Aggressive Nonmelanoma Skin Cancers Often Misdiagnosed
FROM THE ANNUAL CONGRESS OF THE EUROPEAN ACADEMY OF DERMATOLOGY AND VENEREOLOGY
Major Finding: In only 51% of cases was there concordance between the preoperative and the definitive intraoperative diagnosis of a nonmelanoma skin cancer as being of an aggressive or nonaggressive subtype.
Data Source: A retrospective analysis of 513 consecutive patients with biopsy-proven basal or squamous cell carcinoma treated with Mohs micrographic surgery.
Disclosures: Dr. Zeitouni reported having no relevant financial disclosures.
LISBON – Two of 10 nonmelanoma skin cancers are misdiagnosed as being of a nonaggressive tumor subtype at initial biopsy, according to Dr. Nathalie Zeitouni.

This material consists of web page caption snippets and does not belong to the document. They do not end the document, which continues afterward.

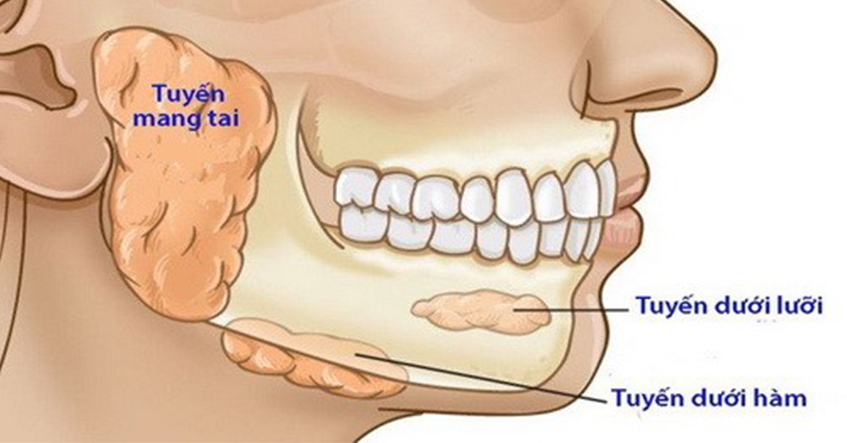 NGUYÊN NHÂN VÀ ĐIỀU TRỊ BỆNH U LÀNH TÍNH VÙNG XƯƠNG HÀM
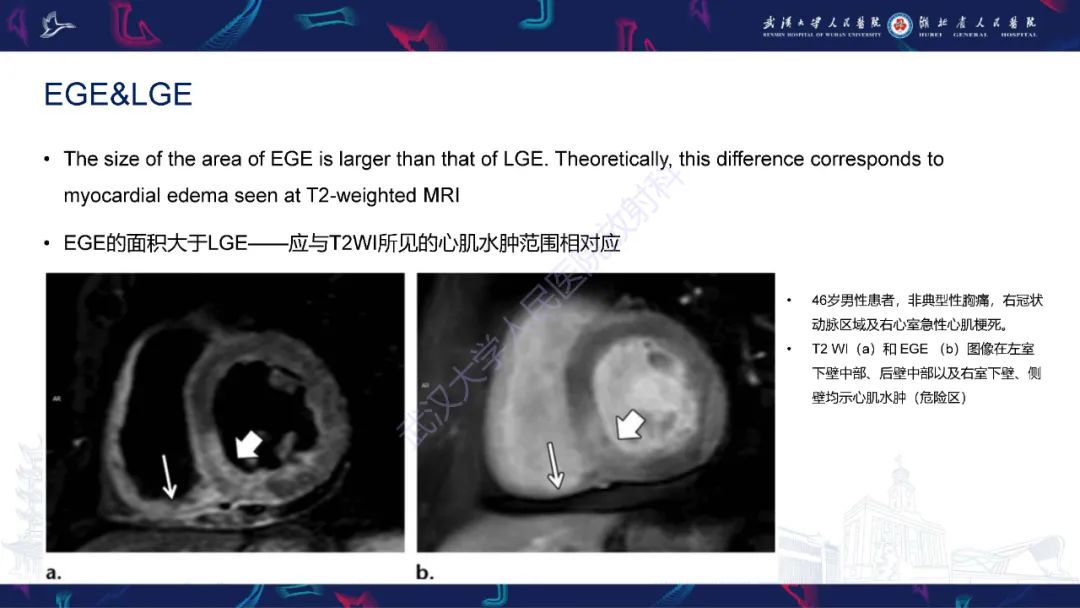 影像PPT - 【PPT】心脏MRI在急诊胸痛患者中的应用-31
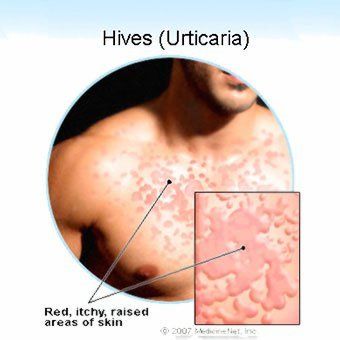 Causes of facial hives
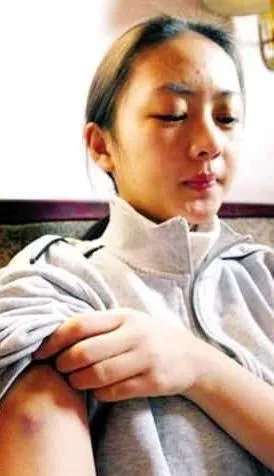 张默殴打女友童谣照片曝光 揭张默暴打原因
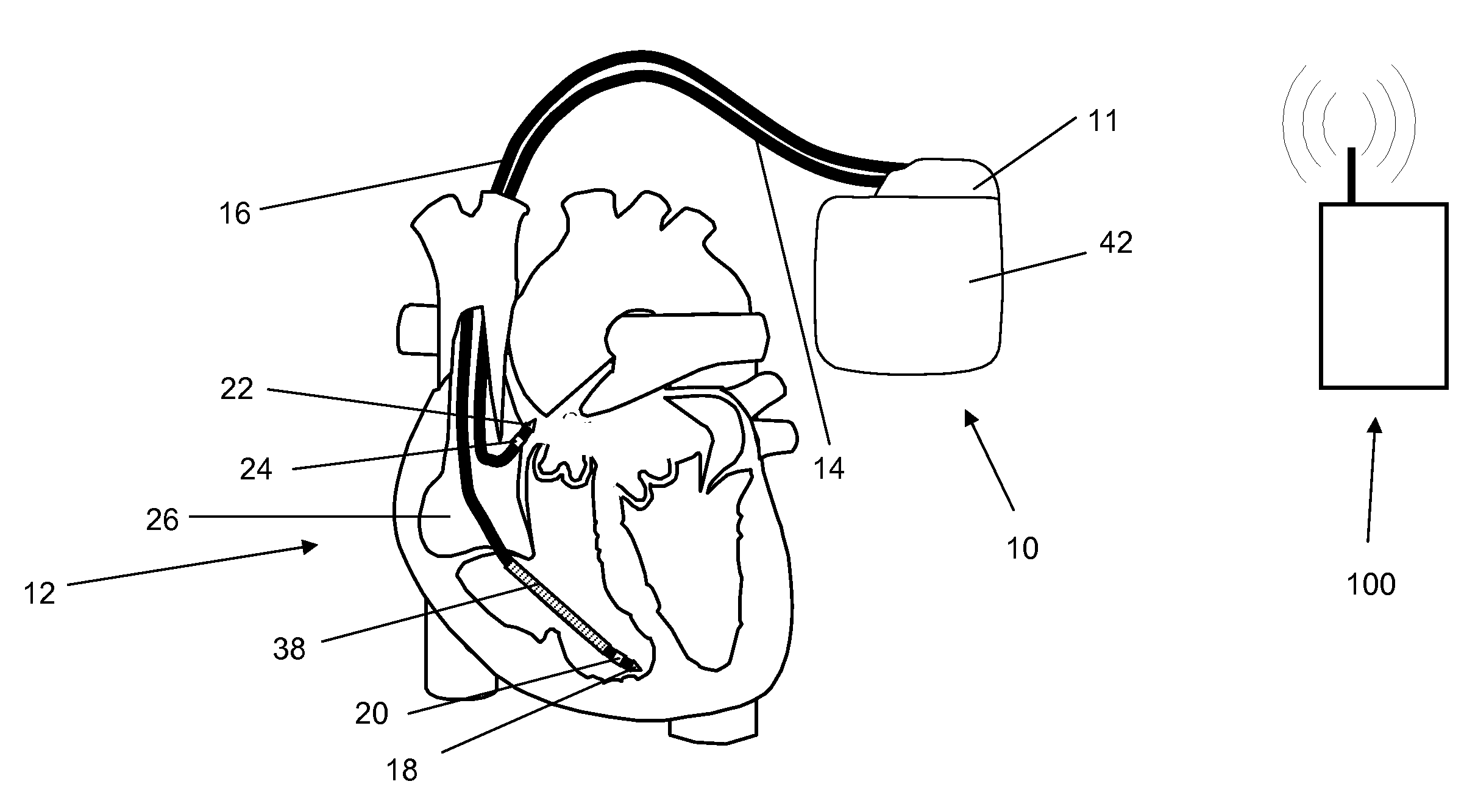 Antitachycardiac heart stimulator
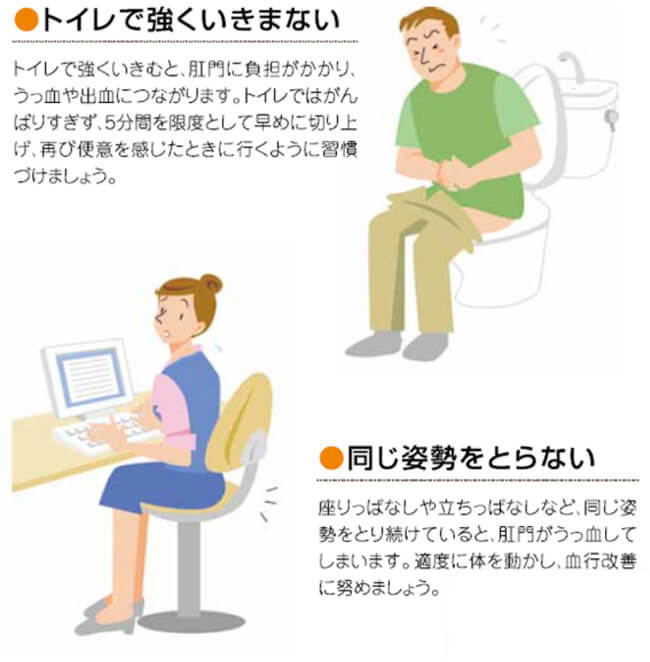 痔の発症・再発を防ぐポイントのイメージ図2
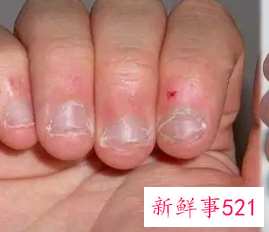 孩子老是啃手指头怎么办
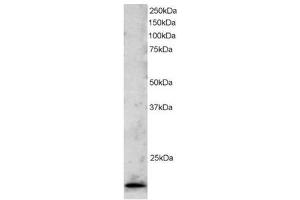 Image no. 1 for anti-Telomeric Repeat Binding Factor 2 (TERF2) (C-Term) antibody (ABIN374265) (TRF2 抗体  (C-Term))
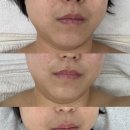 미인본가구미점 | [구미] 구미피부관리 형곡동 피부맞춤PT '어여쁘다'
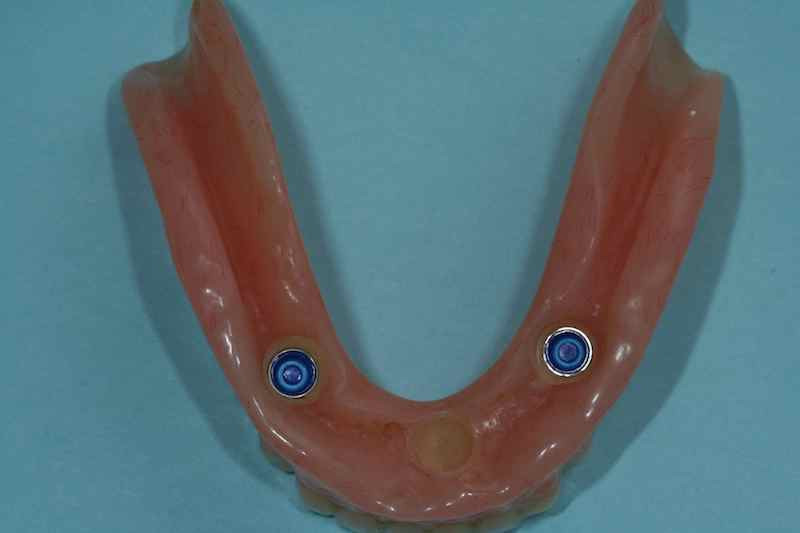 Dental Implant Over-dentures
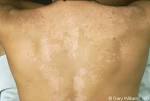 <b>Pityriasis Versicolor</b>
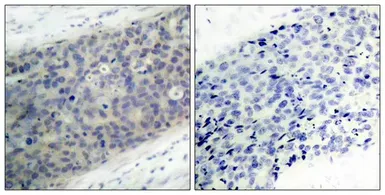 Anti-LIM kinase 2 (phospho Thr505) antibody used in IHC (Paraffin sections) (IHC-P). GTX50188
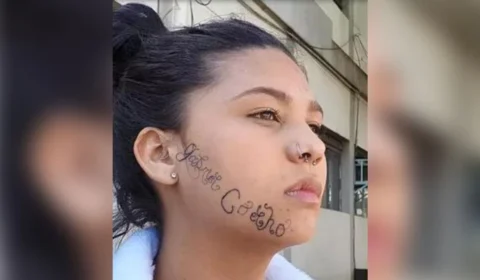 Jovem inicia processo de remoção de tatuagem no rosto feita pelo ex-namorado: ‘sensação de alívio’
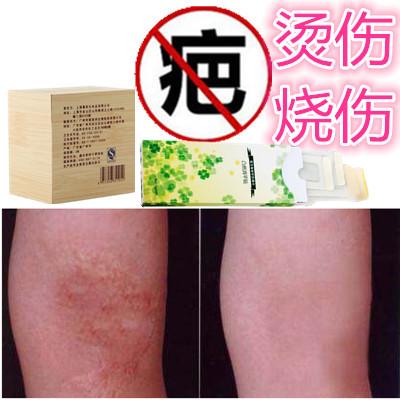 宝宝长冻疮用什么好得快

This raises concern that a substantial number of biopsied squamous and basal cell carcinomas are being treated suboptimally, Dr. Zeitouni said at the congress.
She presented a consecutive series of 513 patients referred for Mohs micrographic surgery for biopsy-proven BCC or SCC. Based upon routine Mohs intraoperative evaluation of all histologic tumor layers, 21.1% of the cancers were of aggressive subtypes that went undiagnosed on initial biopsy.
Aggressive subtypes of nonmelanoma skin cancer include basosquamous carcinoma, invasive SCC, and morpheaform, infiltrating, keratinizing, and micronodular BCC. Nonaggressive subtypes include follicular, nodular, adenoid cystic, and superficial BCC, as well as SCC in situ, according to Dr. Zeitouni, chief of dermatologic surgery at the Roswell Park Cancer Institute, Buffalo, N.Y.
In only 51% of cases was there concordance between the preoperative and the definitive intraoperative diagnosis of a nonmelanoma skin cancer as being of an aggressive or nonaggressive subtype.
In 21% of cases the intraoperative evaluation showed no residual tumor present, only scar. In 5.5% of cases, intraoperative histologic tumor layer evaluation resulted in downgrading of the nonmelanoma skin cancer from an aggressive to a nonaggressive subtype.
Dr. Zeitouni stressed that dermatologists need to have a low threshold for suspecting that a nonmelanoma skin cancer is of an undiagnosed aggressive subtype. If the lesion is clinically atypical or it responds poorly to standard excision or simple destructive measures, that possibility becomes distinctly more likely. Aggressive subtypes, she added, are best managed by Mohs surgery.
She said she had no relevant financial disclosures.